Net metering rules: A duel of wits between unarmed opponents

Credit to Author: Ben Kritz| Date: Mon, 16 Dec 2019 16:54:18 +0000

BEN KRITZ

IF you are a business or other property owner with your own supply of electricity from a renewable energy (RE) source, most countries would encourage your participation in a common and widely-used program called “net metering.” The Philippines, however, is not most countries.

Net metering is a simple scheme in which an independent source of RE — for example, a warehouse that is powered by its own rooftop solar power installation — can sell excess electricity it produces to the distribution utility. The scheme is generally only applied to RE facilities, mostly solar, but sometimes including small biomass generators, wind power, or hydropower.

It is called net metering because in practice, most such electricity producers are still connected to the regular grid, so that the RE power augments the grid-supplied energy, or vice versa; at the end of the month, the utility deducts the surplus from the amount consumed from the grid, hence, “net.”

It is not a difficult concept to grasp or for which to devise the necessary bureaucratic rules and procedures, but the two agencies responsible for it here, the Department of Energy (DoE) and the Energy Regulatory Commission (ERC), are approaching it with all the skill of a couple of pedicab drivers trying to figure out how to fly the Space Shuttle.
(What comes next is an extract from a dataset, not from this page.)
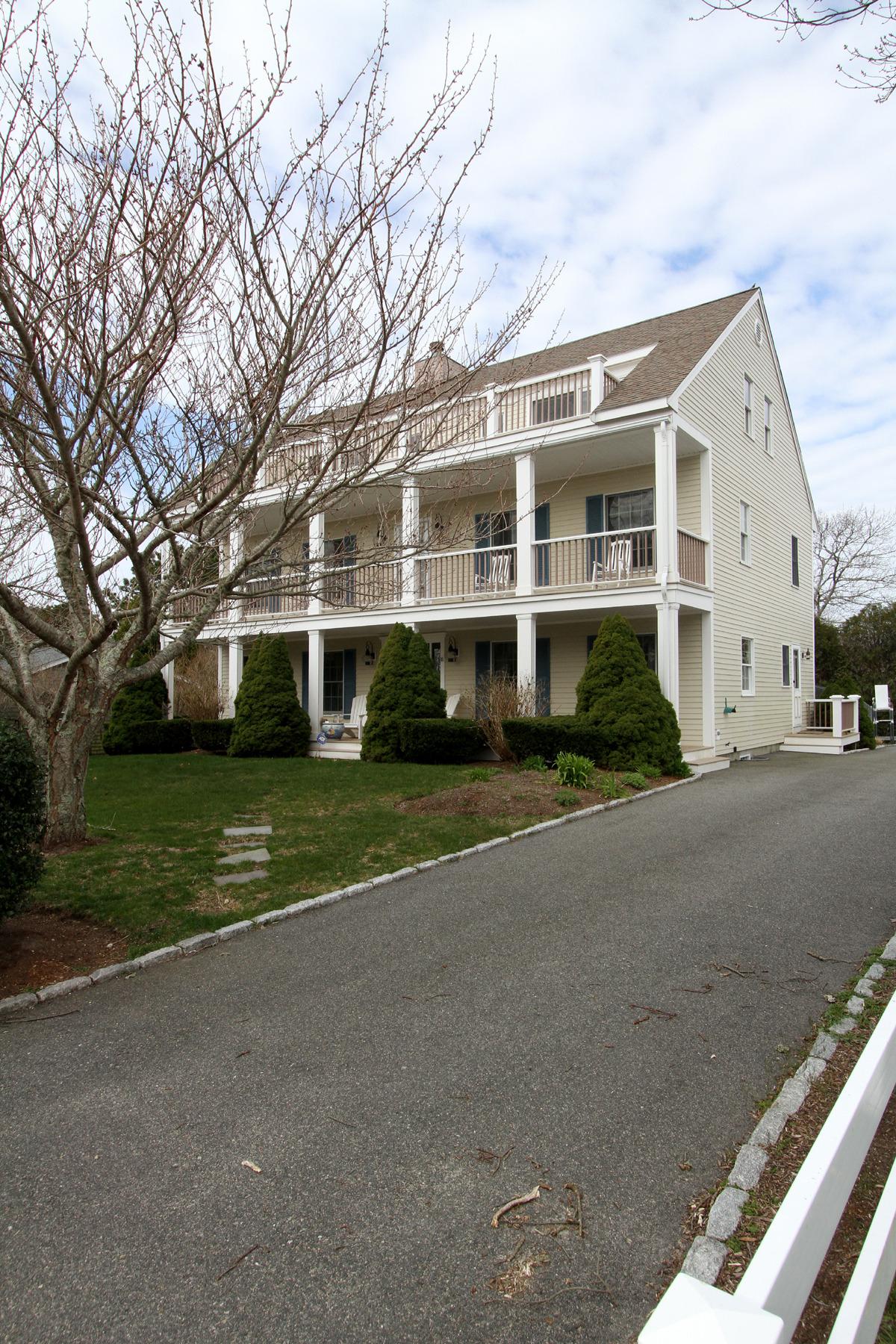 135 Shore Dr, Mashpee, MA 02649 photo 35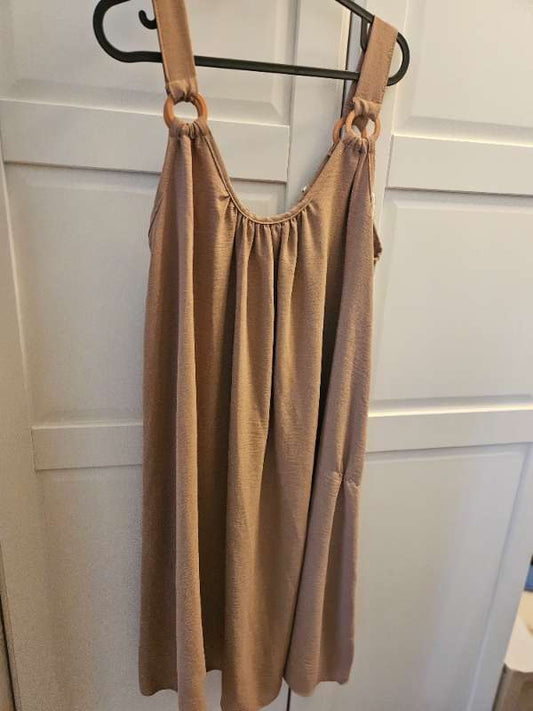 Beige sumarkjóll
Net metering was mandated as part of the Renewable Energy Act of 2008 to provide an incentive for the development of small-scale RE systems. The idea ran into trouble immediately because of the typically sketchy way Philippine legislation is written; there being no useful details in the law itself, its parameters were established in the development of the implementing rules and regulations (IRR).

In the IRR, the ERC at the time somehow got it into their heads that net metering should be considered an analog of the feed-in-tariff (FiT) granted to commercial-scale RE projects. It is not; net metering is an open-ended consumption incentive, whereas FiT is a fixed production subsidy. Nevertheless, the ERC used the misapplied comparison to establish limits on net metering, the rules for which they finally released in 2013, after more than four years of dithering with them.

That set of guidelines was not well received, considered complicated and restrictive by almost everyone who had a comment on them, and so the ERC began the laborious (for them, one of the slowest-moving government agencies in the entire bureaucracy, everything seems laborious) process of amending them. The updated draft rules were finally published last October.

The new guidelines approved by the ERC mandate a 20-day processing time by distribution utilities (DUs) from initial application of a net metering “prosumer” to interconnection with the DU’s grid; removes a number of “soft costs,” such as fees for “distribution impact studies”; and sets the rate at which electricity can be sold back to the DU at the same rate as the DU’s blended generation cost.

ERC taking too long

In the meantime, however, because the ERC was taking so long to develop the net metering rules, the DoE drafted its own set of rules. Not being much more efficient than the ERC, however, these were also not produced in a timely fashion, and were only made public last week.

Immediately upon receiving the DoE’s draft, the ERC declared that it had “legal impediments” and “was not consistent with” the terms of the Renewable Energy Act and the Electric Power Industry Reform Act (Epira) of 2001. The terms of DoE’s draft that ERC took particular exception to was making the net metering rate the same as the retail rate because “that is higher than the FiT rate”; not limiting net metering to power sources generating less than 100 kilowatts; and in general, usurping ERC’s authority as the regulator to set the rates in the first place.

Neither agency exactly covers themselves in glory in handling this particular issue. The ERC is correct in pointing out that the DoE should not be attempting to set any sort of electricity rates, as the law puts that authority completely in the ERC’s hands; the DoE should concern itself with policy rather than minutiae, and the fact that it does not do so consistently might explain a great deal about why the Philippines is chronically behind in energy capacity development.

On the other hand, there is no other mechanism besides DoE to check the excesses of the ERC — an excessive amount of time taken to promulgate regulations, and excessively narrow and illogical parameters that are intended to discourage rather than encourage net metering participation.

Given the country’s thin margin of energy reserves, everyone with the capacity to do so should be encouraged to participate in the net metering scheme, and be given the incentives of easy application and connection and attractive rates for their excess power. In most countries, the responsible agencies would have figured that out in something less than 11 years since the passage of the enabling law. But again, the Philippines is not most countries.